▶ **Task goal**: Transcribe exactly, and without pictures, the lines from the one that contains "SGFB_wembley200009.jpg SGFB_wembley200009.jpg" through the last line of the material.

▶ **Dataset content**:

|---|

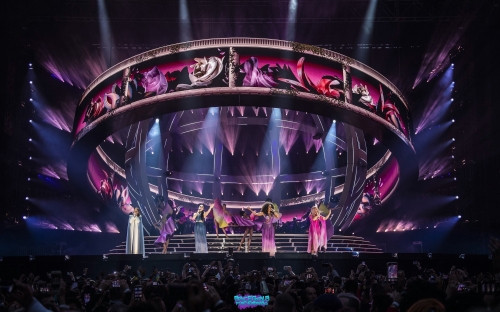 Click to view full size image
==============
SGFB_wembley200009.jpg SGFB_wembley200009.jpg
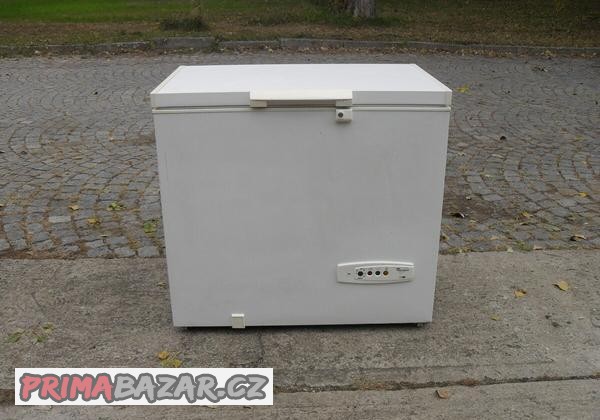 whirlpool-putlovy-truhlicovy-mrazak-265l-vykon-18kg-24h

|---|

▶ **Output**:
SGFB_wembley200009.jpg SGFB_wembley200009.jpg
 whirlpool-putlovy-truhlicovy-mrazak-265l-vykon-18kg-24h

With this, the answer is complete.